● **Records provided**:
****************************************

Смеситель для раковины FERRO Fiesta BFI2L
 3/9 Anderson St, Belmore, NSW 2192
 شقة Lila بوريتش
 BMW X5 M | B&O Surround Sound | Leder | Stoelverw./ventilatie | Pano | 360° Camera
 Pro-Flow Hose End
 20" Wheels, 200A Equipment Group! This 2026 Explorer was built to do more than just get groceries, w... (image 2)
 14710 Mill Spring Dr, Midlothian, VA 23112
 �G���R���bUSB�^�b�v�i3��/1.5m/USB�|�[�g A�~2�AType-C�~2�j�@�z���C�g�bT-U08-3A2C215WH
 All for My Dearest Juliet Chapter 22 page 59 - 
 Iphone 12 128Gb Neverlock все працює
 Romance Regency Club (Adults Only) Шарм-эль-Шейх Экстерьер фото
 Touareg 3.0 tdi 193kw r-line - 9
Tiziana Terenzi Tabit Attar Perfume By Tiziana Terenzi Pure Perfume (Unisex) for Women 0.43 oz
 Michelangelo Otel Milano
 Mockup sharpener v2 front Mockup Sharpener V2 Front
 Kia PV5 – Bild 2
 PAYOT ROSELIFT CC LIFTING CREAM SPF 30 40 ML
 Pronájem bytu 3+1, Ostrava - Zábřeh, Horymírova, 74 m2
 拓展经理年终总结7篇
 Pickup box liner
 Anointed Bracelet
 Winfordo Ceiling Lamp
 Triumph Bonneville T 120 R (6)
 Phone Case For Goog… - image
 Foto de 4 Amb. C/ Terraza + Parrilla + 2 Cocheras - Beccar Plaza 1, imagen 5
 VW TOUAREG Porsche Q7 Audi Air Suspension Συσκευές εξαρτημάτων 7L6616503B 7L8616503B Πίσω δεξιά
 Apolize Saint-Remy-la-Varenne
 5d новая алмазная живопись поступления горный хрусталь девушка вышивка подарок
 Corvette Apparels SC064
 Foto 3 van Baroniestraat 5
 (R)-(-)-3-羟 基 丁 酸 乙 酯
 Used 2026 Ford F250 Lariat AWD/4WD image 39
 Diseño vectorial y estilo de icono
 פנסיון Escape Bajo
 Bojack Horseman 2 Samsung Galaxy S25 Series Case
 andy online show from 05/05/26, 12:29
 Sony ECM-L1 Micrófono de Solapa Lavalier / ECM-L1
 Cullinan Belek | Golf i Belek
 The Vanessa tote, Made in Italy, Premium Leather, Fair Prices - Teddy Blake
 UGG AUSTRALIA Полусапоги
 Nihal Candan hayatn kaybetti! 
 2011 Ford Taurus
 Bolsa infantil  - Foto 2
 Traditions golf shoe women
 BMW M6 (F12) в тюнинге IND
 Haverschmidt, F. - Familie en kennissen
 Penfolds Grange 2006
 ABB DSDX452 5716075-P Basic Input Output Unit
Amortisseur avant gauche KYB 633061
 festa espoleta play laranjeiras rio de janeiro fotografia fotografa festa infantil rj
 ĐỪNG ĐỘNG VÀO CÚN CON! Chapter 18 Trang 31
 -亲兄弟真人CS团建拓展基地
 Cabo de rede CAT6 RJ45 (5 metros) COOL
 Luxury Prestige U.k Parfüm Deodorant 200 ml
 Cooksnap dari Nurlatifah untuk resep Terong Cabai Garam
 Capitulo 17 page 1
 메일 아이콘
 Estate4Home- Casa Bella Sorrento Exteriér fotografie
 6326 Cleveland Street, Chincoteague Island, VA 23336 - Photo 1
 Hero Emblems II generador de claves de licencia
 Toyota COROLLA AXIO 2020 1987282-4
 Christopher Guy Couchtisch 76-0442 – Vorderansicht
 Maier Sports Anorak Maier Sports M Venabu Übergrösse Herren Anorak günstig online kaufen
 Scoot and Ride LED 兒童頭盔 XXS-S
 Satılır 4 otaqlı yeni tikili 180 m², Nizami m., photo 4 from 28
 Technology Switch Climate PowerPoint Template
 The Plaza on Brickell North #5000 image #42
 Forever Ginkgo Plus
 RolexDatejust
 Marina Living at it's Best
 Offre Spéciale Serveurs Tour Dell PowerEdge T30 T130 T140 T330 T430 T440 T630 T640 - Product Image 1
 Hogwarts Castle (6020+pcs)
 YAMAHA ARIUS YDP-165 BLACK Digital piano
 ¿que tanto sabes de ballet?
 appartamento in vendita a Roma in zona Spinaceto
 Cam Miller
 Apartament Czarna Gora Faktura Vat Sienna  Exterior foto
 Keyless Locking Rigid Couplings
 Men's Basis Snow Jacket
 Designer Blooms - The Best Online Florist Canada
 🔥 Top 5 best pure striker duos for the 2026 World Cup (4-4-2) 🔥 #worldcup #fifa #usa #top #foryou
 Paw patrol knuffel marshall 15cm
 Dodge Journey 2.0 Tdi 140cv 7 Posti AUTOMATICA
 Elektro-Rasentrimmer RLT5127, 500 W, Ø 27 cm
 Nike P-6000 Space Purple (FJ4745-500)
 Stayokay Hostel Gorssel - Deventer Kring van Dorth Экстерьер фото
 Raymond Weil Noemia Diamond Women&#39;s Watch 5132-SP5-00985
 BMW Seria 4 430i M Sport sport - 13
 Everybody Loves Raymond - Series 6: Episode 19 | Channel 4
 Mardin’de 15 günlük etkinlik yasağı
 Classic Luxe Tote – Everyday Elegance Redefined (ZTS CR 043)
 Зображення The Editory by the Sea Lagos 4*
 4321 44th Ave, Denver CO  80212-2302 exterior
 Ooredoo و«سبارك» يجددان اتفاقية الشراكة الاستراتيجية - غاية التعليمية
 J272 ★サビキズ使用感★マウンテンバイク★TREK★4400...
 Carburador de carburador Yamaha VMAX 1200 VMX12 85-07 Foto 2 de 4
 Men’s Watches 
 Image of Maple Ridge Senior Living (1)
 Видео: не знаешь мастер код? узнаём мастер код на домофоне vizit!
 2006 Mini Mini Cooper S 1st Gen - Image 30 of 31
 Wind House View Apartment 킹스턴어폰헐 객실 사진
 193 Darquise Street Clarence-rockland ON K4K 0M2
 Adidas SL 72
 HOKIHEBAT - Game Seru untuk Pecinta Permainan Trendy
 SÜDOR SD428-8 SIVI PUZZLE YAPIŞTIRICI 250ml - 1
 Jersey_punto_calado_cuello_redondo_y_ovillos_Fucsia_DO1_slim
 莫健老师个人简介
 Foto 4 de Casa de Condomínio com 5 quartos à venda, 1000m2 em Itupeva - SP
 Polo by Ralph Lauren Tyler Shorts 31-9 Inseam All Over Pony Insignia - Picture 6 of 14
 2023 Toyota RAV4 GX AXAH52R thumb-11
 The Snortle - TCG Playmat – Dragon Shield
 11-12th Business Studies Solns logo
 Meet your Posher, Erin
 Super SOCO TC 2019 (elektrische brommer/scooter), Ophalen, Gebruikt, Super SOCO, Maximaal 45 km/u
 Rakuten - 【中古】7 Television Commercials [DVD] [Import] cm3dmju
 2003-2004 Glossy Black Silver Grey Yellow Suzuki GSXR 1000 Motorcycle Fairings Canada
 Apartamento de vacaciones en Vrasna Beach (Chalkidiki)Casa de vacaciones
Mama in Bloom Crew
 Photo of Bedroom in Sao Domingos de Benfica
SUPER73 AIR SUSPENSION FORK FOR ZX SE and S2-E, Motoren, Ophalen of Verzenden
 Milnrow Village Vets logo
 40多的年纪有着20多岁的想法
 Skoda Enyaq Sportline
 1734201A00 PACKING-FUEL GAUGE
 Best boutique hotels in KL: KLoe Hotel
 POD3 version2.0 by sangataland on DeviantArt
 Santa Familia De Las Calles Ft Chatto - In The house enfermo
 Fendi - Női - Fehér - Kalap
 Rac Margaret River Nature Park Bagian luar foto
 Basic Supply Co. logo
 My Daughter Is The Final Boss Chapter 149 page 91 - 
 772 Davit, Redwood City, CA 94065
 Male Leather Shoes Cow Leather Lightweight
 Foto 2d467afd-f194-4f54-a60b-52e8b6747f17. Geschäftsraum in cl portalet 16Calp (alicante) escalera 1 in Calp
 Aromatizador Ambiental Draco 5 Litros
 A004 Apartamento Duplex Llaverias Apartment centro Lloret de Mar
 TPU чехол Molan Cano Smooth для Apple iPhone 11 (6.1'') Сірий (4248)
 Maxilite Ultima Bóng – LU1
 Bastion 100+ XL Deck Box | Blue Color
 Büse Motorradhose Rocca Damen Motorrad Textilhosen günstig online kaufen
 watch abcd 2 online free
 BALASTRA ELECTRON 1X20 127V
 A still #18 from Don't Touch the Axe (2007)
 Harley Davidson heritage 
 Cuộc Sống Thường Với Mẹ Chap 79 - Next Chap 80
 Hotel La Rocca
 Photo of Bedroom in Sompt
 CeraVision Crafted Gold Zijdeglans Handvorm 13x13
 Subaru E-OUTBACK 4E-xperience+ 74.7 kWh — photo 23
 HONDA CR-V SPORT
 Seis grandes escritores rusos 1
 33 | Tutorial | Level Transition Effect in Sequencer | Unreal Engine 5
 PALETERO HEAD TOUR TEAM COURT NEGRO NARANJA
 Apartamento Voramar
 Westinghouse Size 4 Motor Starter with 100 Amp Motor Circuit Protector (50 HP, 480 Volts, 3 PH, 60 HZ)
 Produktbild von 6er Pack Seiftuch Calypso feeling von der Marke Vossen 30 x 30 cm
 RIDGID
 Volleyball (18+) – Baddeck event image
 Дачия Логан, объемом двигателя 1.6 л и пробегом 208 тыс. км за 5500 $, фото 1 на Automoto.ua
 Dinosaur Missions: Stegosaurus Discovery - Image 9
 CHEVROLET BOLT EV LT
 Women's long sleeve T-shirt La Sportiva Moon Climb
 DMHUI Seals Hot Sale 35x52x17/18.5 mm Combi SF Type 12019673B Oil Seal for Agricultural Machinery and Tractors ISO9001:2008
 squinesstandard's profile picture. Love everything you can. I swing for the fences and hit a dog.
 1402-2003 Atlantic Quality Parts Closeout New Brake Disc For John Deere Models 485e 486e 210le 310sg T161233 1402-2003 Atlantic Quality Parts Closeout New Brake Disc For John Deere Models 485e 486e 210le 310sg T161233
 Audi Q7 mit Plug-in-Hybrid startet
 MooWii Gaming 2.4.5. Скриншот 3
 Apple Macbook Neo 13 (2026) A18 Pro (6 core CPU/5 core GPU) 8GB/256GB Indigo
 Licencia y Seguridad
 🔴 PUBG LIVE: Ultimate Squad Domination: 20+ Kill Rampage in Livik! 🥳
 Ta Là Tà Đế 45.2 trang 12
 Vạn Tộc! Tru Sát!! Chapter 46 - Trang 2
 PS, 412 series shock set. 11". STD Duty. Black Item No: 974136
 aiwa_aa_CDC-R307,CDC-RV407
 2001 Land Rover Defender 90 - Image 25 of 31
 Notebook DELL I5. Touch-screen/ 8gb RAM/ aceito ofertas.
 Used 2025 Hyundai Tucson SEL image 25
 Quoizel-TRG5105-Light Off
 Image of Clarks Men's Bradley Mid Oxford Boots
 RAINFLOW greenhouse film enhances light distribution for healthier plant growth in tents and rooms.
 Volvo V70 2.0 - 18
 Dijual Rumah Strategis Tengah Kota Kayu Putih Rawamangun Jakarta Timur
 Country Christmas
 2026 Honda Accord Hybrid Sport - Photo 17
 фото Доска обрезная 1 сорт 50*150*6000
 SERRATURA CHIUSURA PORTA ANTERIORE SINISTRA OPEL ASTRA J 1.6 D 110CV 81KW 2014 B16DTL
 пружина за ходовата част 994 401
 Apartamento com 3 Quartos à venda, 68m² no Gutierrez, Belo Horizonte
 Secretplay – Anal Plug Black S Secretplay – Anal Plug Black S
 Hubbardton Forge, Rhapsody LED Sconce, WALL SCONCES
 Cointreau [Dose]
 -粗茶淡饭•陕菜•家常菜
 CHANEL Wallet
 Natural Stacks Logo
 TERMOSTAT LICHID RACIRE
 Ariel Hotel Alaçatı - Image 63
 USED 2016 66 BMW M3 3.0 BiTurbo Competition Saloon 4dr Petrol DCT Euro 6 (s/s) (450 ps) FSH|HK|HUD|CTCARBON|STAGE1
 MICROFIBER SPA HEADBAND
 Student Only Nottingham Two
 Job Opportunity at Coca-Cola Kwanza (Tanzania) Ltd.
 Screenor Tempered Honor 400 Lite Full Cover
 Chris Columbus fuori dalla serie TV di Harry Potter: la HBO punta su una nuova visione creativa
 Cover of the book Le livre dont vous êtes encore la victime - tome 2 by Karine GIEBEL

****************************************

● **Aim of the exercise**: Scanning the data above, copy out every line where "Ophalen" is found.

● **Exercise answer**:
 Super SOCO TC 2019 (elektrische brommer/scooter), Ophalen, Gebruikt, Super SOCO, Maximaal 45 km/u
SUPER73 AIR SUSPENSION FORK FOR ZX SE and S2-E, Motoren, Ophalen of Verzenden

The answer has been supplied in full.